A video compression method and apparatus is disclosed. The present invention includes a 'smart' or active decoder (Fig. 3) that performs much of the transmission and the instruction burden that would otherwise be required of the encoder, thus greatly reducing the overhead and resulting in a much smaller encoded bitstream. Thus, the corresponding (i.e., compatible) encoder of the present invention can produce an encoded bitstream with a greatly reduced overhead. This is achieved by encoding a reference frame (Fig. 3, element 7) based on the structural information inherent to the image (e.g., image segmentation, geometry, color, and/or brightness), and then predicting other frames relative to the structural information. Typically, the description of a predicted frame would include kinetic information (Fig. 3, element 6) (e.g., segment motion data and/or inexact matches and appearance of new information, and portion of the segment evolution that is captured by motion per se etc.). Because the decoder is capable of independently determining the structural information (and relationships thereamong) underlying the predicted frame, such information need not be explicitly transmitted to the decoder. Rather, the encoder need only send information that the encoder knows the decoder cannot determine on its own.

Description

METHOD AND APPARATUS FOR EFFICIENT VIDEO PROCESSING
1. Brief Introduction
The present invention relates to the compression of motion video data, and more
particularly for a synchronized encoder and smart decoder system for the efficient transmittal and storage of motion video data. As consumers desire- more motion video
intensive modes of communications, the limited bandwidth of current transmission
modes, such as broadcast, cable, telephone lines, etc. becomes prohibitive. The
introductions of the Internet, and the subsequent popularity the world wide web, video
conferencing, digital and interactive television require more efficient ways of utilizing
existing bandwidth. Further, motion video intensive applications require immense
storage capacity. The advent of multi-media capabilities on most computer systems have
taxed tradition storage devices such as hard drives, to the limit.

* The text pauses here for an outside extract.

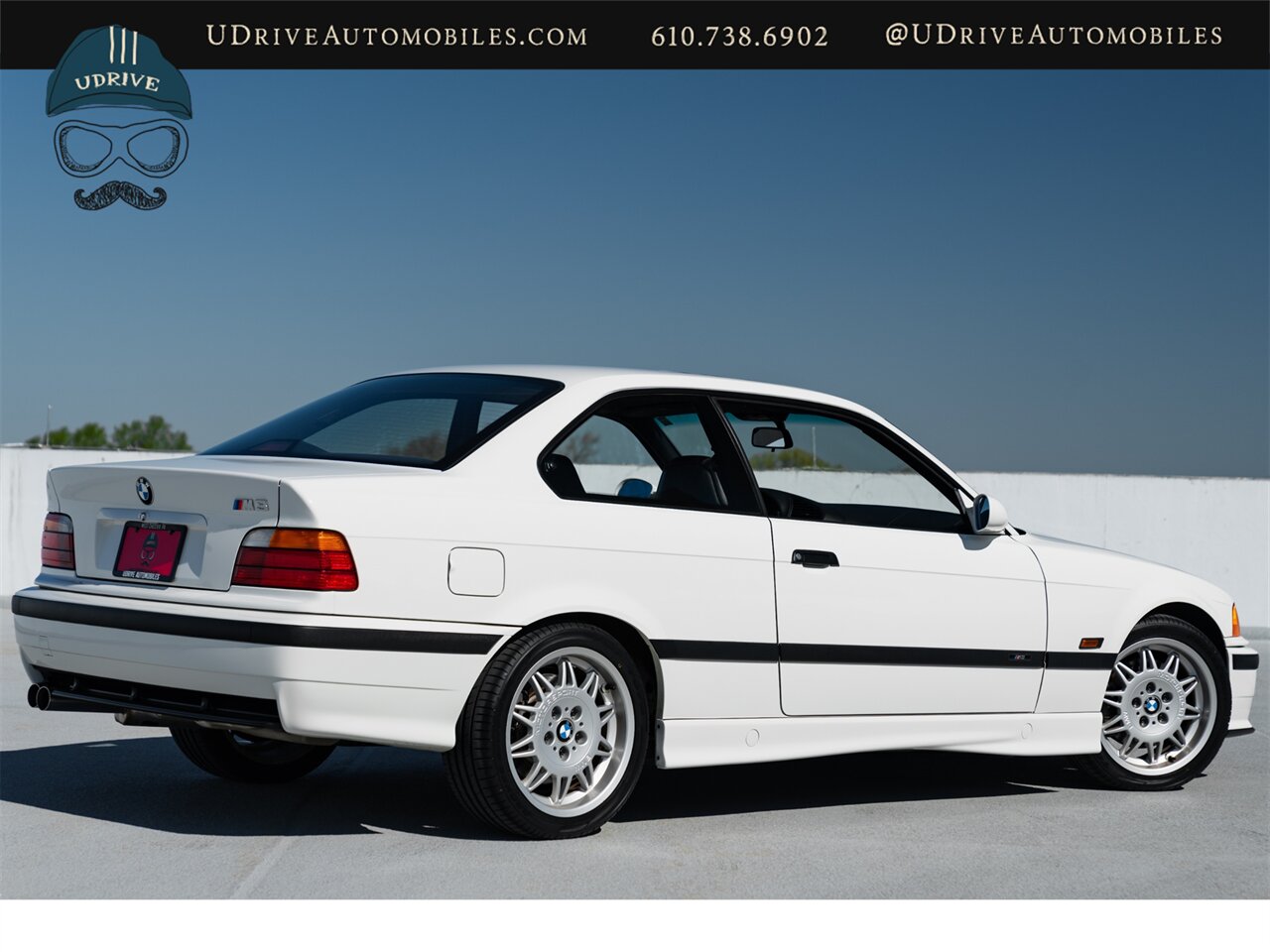 1995 BMW M3  1 Owner Service History Sunroof  Htd Sts Incredible Condition - Photo 2 - West Chester, PA 19382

Compression, as used in this patent, is the means by which digital motion video
can be represented efficiently and cheaply. The ultimate goal of video compression is to
reduce the bitstream, or video information flow, of the motion video sequences as much
as possible, while retaining enough information so that the decoder or receiver can
reconstruct the video image sequences in a manner adequate for the specific application,
such as television, videoconferencing, etc. The benefit of compression is that it allows
more information to be transmitted in a given amount of time, or stored in a given storage
medium.
Most digital signals contain a substantial amount of redundant, superfluous,
information. For example, a stationary Video scene produces nearly identical images in
each scene. Compression attempts to remove the superfluous information so that the related image frames can be represented in terms of the previous, thus eliminating the
need to transmit the entire scene for each video frame.
2. Previous attempts
There have been numerous attempts at adequately compressing video imagery. These methods generally fall into one of the following two categories: 1) Spatial
redundancy reduction, and 2) Temporal redundancy reduction.

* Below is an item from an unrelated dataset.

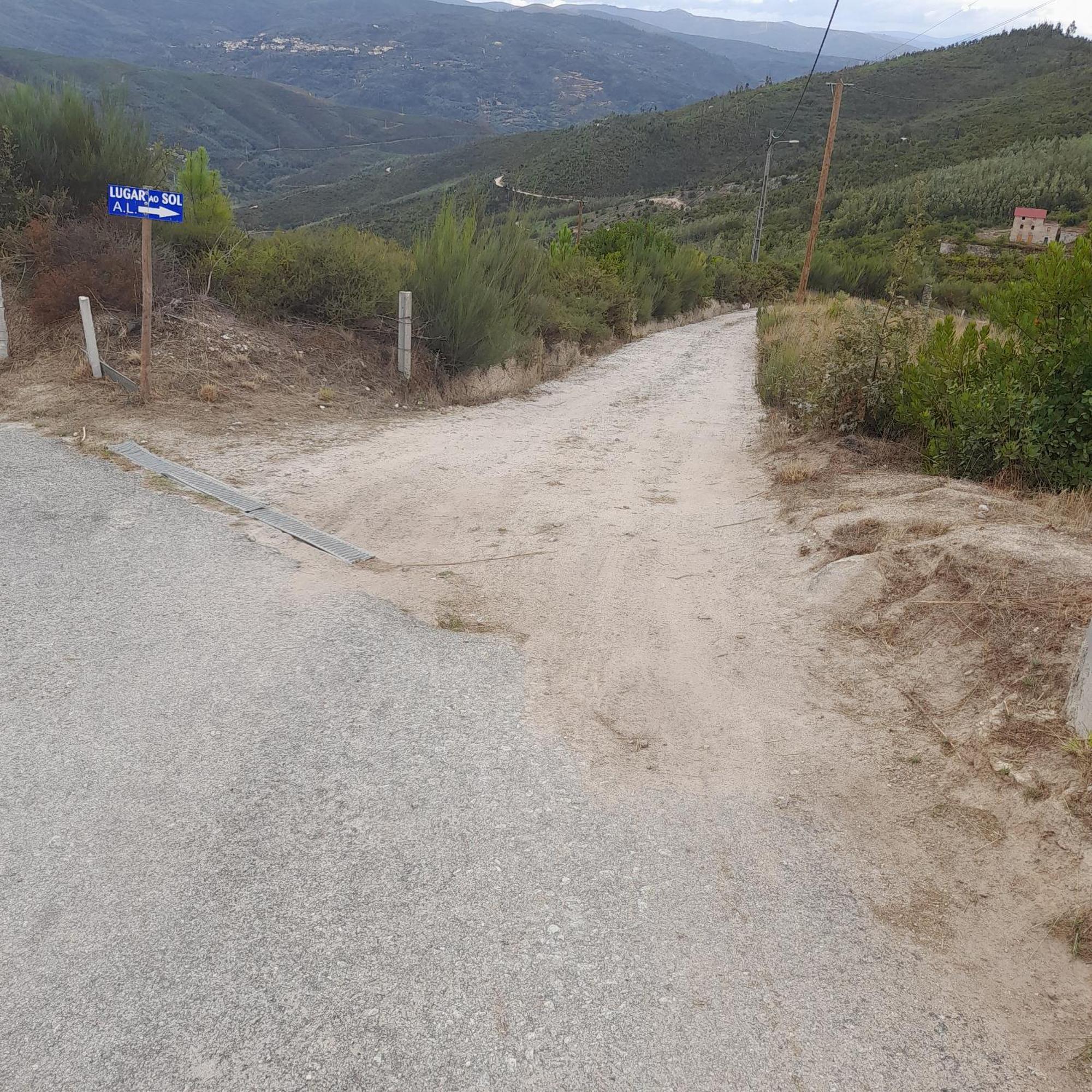 Quinta Do Cavaleiro Ao Sol - Um Lugar Ao Sol Vendégház Catraia de Sao Paio Kültér fotó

2.1 Spatial Redundancy Removal
The first type of video compression focuses on the reduction of spatial redundancy. Spatial redundancy refers to taking advantage of the correlation among neighboring pixels in order to derive a more efficient representation of the important information in an image frame. These methods are more appropriately termed still image compression routines, as they do not attempt to address the issue of temporal, or frame to frame, redundancy, as explained in section 2.2. They work reasonably well on individual video image frames. However, a critical element in video compression is reducing
temporal redundancy, in other words, not having to retransmit, store, or otherwise fully
represent, information seen in previous frames. Common still image compression
schemes include JPEC, Wavelets, and Fractals. t2.1.1 JPEG/DCT based image compression
One of the first commonly used methods of image compression was the DCT, or
direct cosine transformation, compression system, which is at the heart of JPEG.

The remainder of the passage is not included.